RINGSIDE: Trump ‘donuts’ delight neo-nazis.
At a rally in Georgia, US President Donald Trump awed his hard-right base, by spinning donuts in the Presidential Limo.
Rule number one – if you want the President of the USA to come and endorse your re-election campaign, you’d better put his kind of food on the menu. So it was when Trump flew into an airstrip in Southern Georgia to support the struggling re-election bid of Republican Congressman Harvey Sheetz.
To get The Donald’s attendance, the word DONUTS was plastered large across the formal invitation. That was all it took to get the 385lb world leader wobbling right out of the Oval Office and onto Airforce One.
Going round in circles
However, upon arrival, the fare was found to be rather different than advertised. Instead of piling into a mountain of Krispy Kremes, Trump was told he was going to be making the donuts himself – with his car.
Open mouthed and for the first time in almost 70 years, shocked into silence, Trump listened as Sheetz explained that the adoring crowd were all ‘biker boys, gas nuts and speedfreaks.’ Drawn to the rally by the lure of free STP, the baying mob of unwashed white, fat men were slobbering at the prospect of seeing their President ‘nailin’ the fuckin’ gas pedal and puttin’ smoke in their hair.’
Without further ado, The Leader of the Free World was shoe-horned behind the wheel of the bullet-proof Presidential Limo known as ‘The Beast’. With a few instructions from on-site NASCAR legend, Lonny Donny Jr, Trump was left to let ‘er rip.
Initially slow to move, the six and half tonne vehicle was eventually coaxed above 3000 rpm and yanked into a series of tight left-hand turns.
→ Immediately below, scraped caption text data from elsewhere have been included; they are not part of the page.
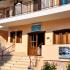 &Xi;&epsilon;&nu;&omicron;&delta;&omicron;&chi;&epsilon;ί&omicron; &Pi;ή&gamma;&alpha;&sigma;&omicron;&sigmaf;, ενοικιαζόμενα δωμάτια στο μέρος Thassos, Greece - pegasus-hotel-limenas-thassos-3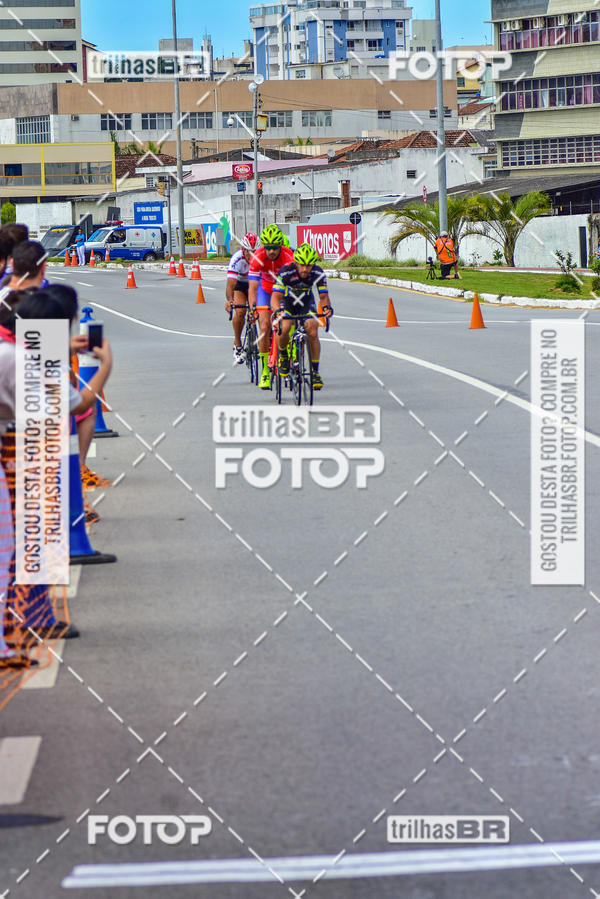 Buy your photos of the eventGP RUBEN SILVA on Fotop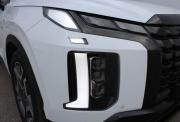 Hyundai Palisade I Рестайлинг Нижний Новгород  - изображение 61
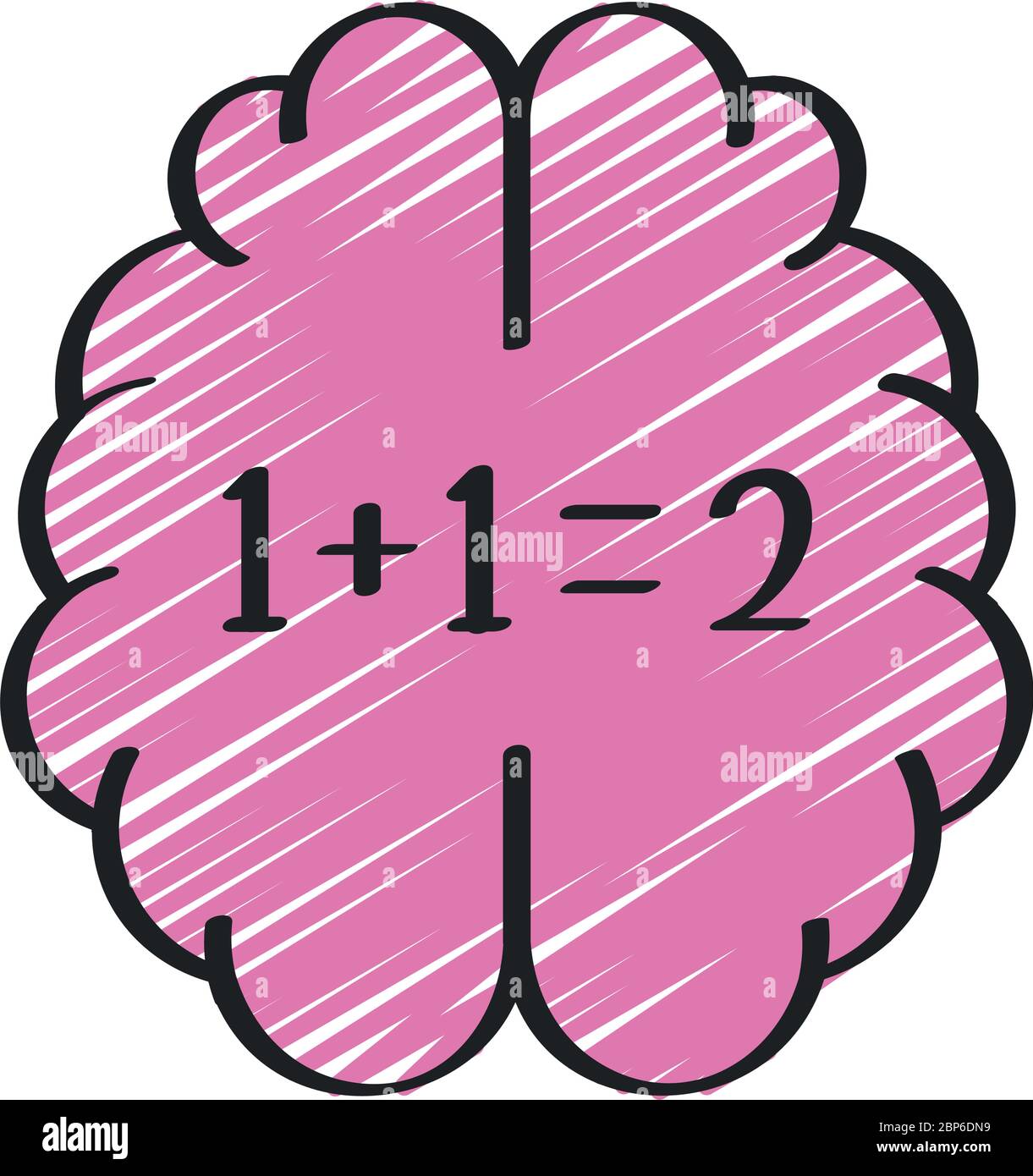 Math - Brain Math Game by Axis Entertainment Limited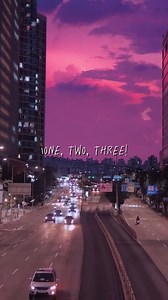 Belanova - One Two Three Go! TikTok Song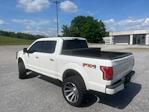 2015 Ford F-150 SuperCrew Cab 4x4 Pickup for sale #11559C - photo 13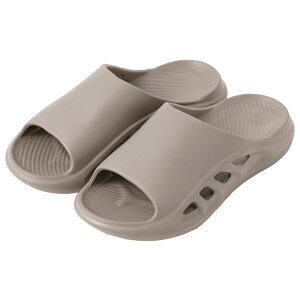 T_ LTCY (CF G01)@jg y֐斘[iz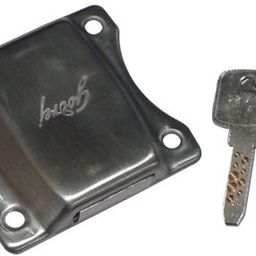 Godrej Drawer Lock - CK 8085-image-65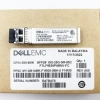 Dell 25G 10G SFP28 MM Transceiver Modül S28-10G-25G-SR-85C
Trump’s face could be seen fearfully peeping above the wheel as he hung on for dear life. On the ninth attempt, with the audience now silent and brooding, the rear tyres lit up, smoke bloomed and circular black smears were daubed across the tarmac. Roars of appreciation and copious gunfire came back in return.
Just really, really fine
After stopping the gasping Beast, Trump stepped from the vehicle and basked in the applause. “There’s no beautiful nation greater than wonderful Great America and there’s no finer American food than real donuts.” He said as he pointed to a large contingent of Klan members and skinheads waving swastika flags. “And you people are very fine too!”
As he stood alongside Trump in the pattern of skidmarks, Sheetz grinned and spoke into camera. “It's my pleasure to ride shotgun with our President. Hell, I’d even use that shotgun on a Democrat if Mr Trump asked me to.”
Harvey Sheetz returned to his secure mental care centre before RFN could interview him. Trump detoured to Memphis on the way home to pick up dry-rub BBQ.